Reproduce all entries precisely as they are written.

Segment Start: Provided information

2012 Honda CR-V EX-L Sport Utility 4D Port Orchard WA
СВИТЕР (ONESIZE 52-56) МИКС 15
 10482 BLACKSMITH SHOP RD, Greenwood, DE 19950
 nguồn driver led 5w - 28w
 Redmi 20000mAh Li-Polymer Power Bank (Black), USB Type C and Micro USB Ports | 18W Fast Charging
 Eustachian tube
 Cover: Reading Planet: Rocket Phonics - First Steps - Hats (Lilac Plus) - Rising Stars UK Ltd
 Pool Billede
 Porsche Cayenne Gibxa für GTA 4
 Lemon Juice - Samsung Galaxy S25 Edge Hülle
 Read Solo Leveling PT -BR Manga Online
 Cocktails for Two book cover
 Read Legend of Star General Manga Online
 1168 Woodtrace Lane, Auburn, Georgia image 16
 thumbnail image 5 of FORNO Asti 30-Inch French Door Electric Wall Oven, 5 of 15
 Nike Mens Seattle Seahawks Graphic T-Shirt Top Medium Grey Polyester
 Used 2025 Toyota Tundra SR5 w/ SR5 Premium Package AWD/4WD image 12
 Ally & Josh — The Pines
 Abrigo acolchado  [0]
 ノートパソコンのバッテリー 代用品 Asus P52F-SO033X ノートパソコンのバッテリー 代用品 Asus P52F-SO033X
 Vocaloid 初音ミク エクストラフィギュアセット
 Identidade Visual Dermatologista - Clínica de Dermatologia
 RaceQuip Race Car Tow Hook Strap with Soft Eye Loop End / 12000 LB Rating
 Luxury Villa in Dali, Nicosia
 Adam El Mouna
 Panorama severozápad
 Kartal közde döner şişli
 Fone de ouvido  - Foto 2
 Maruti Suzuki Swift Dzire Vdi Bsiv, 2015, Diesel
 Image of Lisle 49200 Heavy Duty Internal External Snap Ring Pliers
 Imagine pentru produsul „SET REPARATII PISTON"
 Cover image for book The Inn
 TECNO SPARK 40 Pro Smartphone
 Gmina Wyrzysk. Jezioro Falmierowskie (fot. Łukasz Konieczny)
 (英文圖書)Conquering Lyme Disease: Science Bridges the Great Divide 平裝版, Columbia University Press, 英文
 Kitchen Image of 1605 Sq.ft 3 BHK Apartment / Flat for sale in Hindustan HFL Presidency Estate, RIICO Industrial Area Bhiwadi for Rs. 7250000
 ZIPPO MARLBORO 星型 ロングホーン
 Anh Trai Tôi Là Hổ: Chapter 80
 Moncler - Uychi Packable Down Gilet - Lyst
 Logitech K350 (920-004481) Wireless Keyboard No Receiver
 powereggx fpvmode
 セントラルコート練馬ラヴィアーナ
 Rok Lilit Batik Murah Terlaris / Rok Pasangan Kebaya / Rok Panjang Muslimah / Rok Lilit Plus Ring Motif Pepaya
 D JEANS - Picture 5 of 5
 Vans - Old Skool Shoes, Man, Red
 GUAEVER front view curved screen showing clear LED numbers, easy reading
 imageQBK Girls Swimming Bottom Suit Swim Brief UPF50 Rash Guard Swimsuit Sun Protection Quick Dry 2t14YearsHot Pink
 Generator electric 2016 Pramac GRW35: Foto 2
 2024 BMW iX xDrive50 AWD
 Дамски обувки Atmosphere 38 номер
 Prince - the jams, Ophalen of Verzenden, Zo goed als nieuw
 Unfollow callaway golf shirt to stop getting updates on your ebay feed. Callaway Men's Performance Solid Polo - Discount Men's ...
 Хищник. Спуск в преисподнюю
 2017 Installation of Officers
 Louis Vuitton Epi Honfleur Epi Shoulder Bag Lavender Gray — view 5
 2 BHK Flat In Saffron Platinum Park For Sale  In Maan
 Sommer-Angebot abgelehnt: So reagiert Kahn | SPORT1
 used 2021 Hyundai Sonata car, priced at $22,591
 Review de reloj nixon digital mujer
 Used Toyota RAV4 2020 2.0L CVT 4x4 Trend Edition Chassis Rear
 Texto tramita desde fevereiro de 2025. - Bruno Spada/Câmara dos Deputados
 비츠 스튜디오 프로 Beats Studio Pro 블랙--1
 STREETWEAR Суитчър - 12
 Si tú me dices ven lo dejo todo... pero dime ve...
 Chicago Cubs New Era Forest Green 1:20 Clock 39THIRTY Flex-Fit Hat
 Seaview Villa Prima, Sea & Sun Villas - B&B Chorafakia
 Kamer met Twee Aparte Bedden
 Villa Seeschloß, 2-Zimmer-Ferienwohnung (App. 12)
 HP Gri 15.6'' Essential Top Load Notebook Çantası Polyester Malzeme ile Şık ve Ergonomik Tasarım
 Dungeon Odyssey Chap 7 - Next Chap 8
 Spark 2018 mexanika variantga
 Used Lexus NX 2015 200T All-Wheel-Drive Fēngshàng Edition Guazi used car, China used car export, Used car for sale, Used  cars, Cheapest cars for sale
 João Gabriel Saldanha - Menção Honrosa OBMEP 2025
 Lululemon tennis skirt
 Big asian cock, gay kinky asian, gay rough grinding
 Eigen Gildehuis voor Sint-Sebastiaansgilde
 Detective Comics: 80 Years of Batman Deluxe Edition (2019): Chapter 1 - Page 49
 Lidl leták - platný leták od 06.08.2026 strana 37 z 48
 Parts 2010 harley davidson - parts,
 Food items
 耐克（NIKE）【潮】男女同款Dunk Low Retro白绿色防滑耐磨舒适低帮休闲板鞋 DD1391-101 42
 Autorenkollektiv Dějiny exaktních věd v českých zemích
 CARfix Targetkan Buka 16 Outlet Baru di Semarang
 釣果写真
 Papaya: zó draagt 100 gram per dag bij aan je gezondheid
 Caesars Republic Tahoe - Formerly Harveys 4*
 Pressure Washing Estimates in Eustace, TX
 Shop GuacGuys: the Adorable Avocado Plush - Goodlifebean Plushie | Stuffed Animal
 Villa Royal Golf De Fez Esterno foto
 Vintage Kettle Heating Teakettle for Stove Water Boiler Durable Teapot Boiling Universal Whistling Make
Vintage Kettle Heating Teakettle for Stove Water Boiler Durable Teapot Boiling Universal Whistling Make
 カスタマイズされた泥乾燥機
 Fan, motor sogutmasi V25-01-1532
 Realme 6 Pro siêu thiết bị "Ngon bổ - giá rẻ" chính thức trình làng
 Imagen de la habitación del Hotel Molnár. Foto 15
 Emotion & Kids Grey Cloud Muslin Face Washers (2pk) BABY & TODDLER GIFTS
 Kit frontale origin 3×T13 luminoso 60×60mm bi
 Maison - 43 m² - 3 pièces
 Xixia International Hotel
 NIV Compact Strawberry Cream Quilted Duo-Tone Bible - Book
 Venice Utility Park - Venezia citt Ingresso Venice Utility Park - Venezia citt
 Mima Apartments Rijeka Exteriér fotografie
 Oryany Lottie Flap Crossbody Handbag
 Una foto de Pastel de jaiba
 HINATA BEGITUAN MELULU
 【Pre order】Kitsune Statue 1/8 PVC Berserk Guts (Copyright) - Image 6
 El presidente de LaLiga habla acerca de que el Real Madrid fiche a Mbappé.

Segment End: Provided information

● **Answer box**:
2012 Honda CR-V EX-L Sport Utility 4D Port Orchard WA
СВИТЕР (ONESIZE 52-56) МИКС 15
 10482 BLACKSMITH SHOP RD, Greenwood, DE 19950
 nguồn driver led 5w - 28w
 Redmi 20000mAh Li-Polymer Power Bank (Black), USB Type C and Micro USB Ports | 18W Fast Charging
 Eustachian tube
 Cover: Reading Planet: Rocket Phonics - First Steps - Hats (Lilac Plus) - Rising Stars UK Ltd
 Pool Billede
 Porsche Cayenne Gibxa für GTA 4
 Lemon Juice - Samsung Galaxy S25 Edge Hülle
 Read Solo Leveling PT -BR Manga Online
 Cocktails for Two book cover
 Read Legend of Star General Manga Online
 1168 Woodtrace Lane, Auburn, Georgia image 16
 thumbnail image 5 of FORNO Asti 30-Inch French Door Electric Wall Oven, 5 of 15
 Nike Mens Seattle Seahawks Graphic T-Shirt Top Medium Grey Polyester
 Used 2025 Toyota Tundra SR5 w/ SR5 Premium Package AWD/4WD image 12
 Ally & Josh — The Pines
 Abrigo acolchado  [0]
 ノートパソコンのバッテリー 代用品 Asus P52F-SO033X ノートパソコンのバッテリー 代用品 Asus P52F-SO033X
 Vocaloid 初音ミク エクストラフィギュアセット
 Identidade Visual Dermatologista - Clínica de Dermatologia
 RaceQuip Race Car Tow Hook Strap with Soft Eye Loop End / 12000 LB Rating
 Luxury Villa in Dali, Nicosia
 Adam El Mouna
 Panorama severozápad
 Kartal közde döner şişli
 Fone de ouvido  - Foto 2
 Maruti Suzuki Swift Dzire Vdi Bsiv, 2015, Diesel
 Image of Lisle 49200 Heavy Duty Internal External Snap Ring Pliers
 Imagine pentru produsul „SET REPARATII PISTON"
 Cover image for book The Inn
 TECNO SPARK 40 Pro Smartphone
 Gmina Wyrzysk. Jezioro Falmierowskie (fot. Łukasz Konieczny)
 (英文圖書)Conquering Lyme Disease: Science Bridges the Great Divide 平裝版, Columbia University Press, 英文
 Kitchen Image of 1605 Sq.ft 3 BHK Apartment / Flat for sale in Hindustan HFL Presidency Estate, RIICO Industrial Area Bhiwadi for Rs. 7250000
 ZIPPO MARLBORO 星型 ロングホーン
 Anh Trai Tôi Là Hổ: Chapter 80
 Moncler - Uychi Packable Down Gilet - Lyst
 Logitech K350 (920-004481) Wireless Keyboard No Receiver
 powereggx fpvmode
 セントラルコート練馬ラヴィアーナ
 Rok Lilit Batik Murah Terlaris / Rok Pasangan Kebaya / Rok Panjang Muslimah / Rok Lilit Plus Ring Motif Pepaya
 D JEANS - Picture 5 of 5
 Vans - Old Skool Shoes, Man, Red
 GUAEVER front view curved screen showing clear LED numbers, easy reading
 imageQBK Girls Swimming Bottom Suit Swim Brief UPF50 Rash Guard Swimsuit Sun Protection Quick Dry 2t14YearsHot Pink
 Generator electric 2016 Pramac GRW35: Foto 2
 2024 BMW iX xDrive50 AWD
 Дамски обувки Atmosphere 38 номер
 Prince - the jams, Ophalen of Verzenden, Zo goed als nieuw
 Unfollow callaway golf shirt to stop getting updates on your ebay feed. Callaway Men's Performance Solid Polo - Discount Men's ...
 Хищник. Спуск в преисподнюю
 2017 Installation of Officers
 Louis Vuitton Epi Honfleur Epi Shoulder Bag Lavender Gray — view 5
 2 BHK Flat In Saffron Platinum Park For Sale  In Maan
 Sommer-Angebot abgelehnt: So reagiert Kahn | SPORT1
 used 2021 Hyundai Sonata car, priced at $22,591
 Review de reloj nixon digital mujer
 Used Toyota RAV4 2020 2.0L CVT 4x4 Trend Edition Chassis Rear
 Texto tramita desde fevereiro de 2025. - Bruno Spada/Câmara dos Deputados
 비츠 스튜디오 프로 Beats Studio Pro 블랙--1
 STREETWEAR Суитчър - 12
 Si tú me dices ven lo dejo todo... pero dime ve...
 Chicago Cubs New Era Forest Green 1:20 Clock 39THIRTY Flex-Fit Hat
 Seaview Villa Prima, Sea & Sun Villas - B&B Chorafakia
 Kamer met Twee Aparte Bedden
 Villa Seeschloß, 2-Zimmer-Ferienwohnung (App. 12)
 HP Gri 15.6'' Essential Top Load Notebook Çantası Polyester Malzeme ile Şık ve Ergonomik Tasarım
 Dungeon Odyssey Chap 7 - Next Chap 8
 Spark 2018 mexanika variantga
 Used Lexus NX 2015 200T All-Wheel-Drive Fēngshàng Edition Guazi used car, China used car export, Used car for sale, Used  cars, Cheapest cars for sale
 João Gabriel Saldanha - Menção Honrosa OBMEP 2025
 Lululemon tennis skirt
 Big asian cock, gay kinky asian, gay rough grinding
 Eigen Gildehuis voor Sint-Sebastiaansgilde
 Detective Comics: 80 Years of Batman Deluxe Edition (2019): Chapter 1 - Page 49
 Lidl leták - platný leták od 06.08.2026 strana 37 z 48
 Parts 2010 harley davidson - parts,
 Food items
 耐克（NIKE）【潮】男女同款Dunk Low Retro白绿色防滑耐磨舒适低帮休闲板鞋 DD1391-101 42
 Autorenkollektiv Dějiny exaktních věd v českých zemích
 CARfix Targetkan Buka 16 Outlet Baru di Semarang
 釣果写真
 Papaya: zó draagt 100 gram per dag bij aan je gezondheid
 Caesars Republic Tahoe - Formerly Harveys 4*
 Pressure Washing Estimates in Eustace, TX
 Shop GuacGuys: the Adorable Avocado Plush - Goodlifebean Plushie | Stuffed Animal
 Villa Royal Golf De Fez Esterno foto
 Vintage Kettle Heating Teakettle for Stove Water Boiler Durable Teapot Boiling Universal Whistling Make
Vintage Kettle Heating Teakettle for Stove Water Boiler Durable Teapot Boiling Universal Whistling Make
 カスタマイズされた泥乾燥機
 Fan, motor sogutmasi V25-01-1532
 Realme 6 Pro siêu thiết bị "Ngon bổ - giá rẻ" chính thức trình làng
 Imagen de la habitación del Hotel Molnár. Foto 15
 Emotion & Kids Grey Cloud Muslin Face Washers (2pk) BABY & TODDLER GIFTS
 Kit frontale origin 3×T13 luminoso 60×60mm bi
 Maison - 43 m² - 3 pièces
 Xixia International Hotel
 NIV Compact Strawberry Cream Quilted Duo-Tone Bible - Book
 Venice Utility Park - Venezia citt Ingresso Venice Utility Park - Venezia citt
 Mima Apartments Rijeka Exteriér fotografie
 Oryany Lottie Flap Crossbody Handbag
 Una foto de Pastel de jaiba
 HINATA BEGITUAN MELULU
 【Pre order】Kitsune Statue 1/8 PVC Berserk Guts (Copyright) - Image 6
 El presidente de LaLiga habla acerca de que el Real Madrid fiche a Mbappé.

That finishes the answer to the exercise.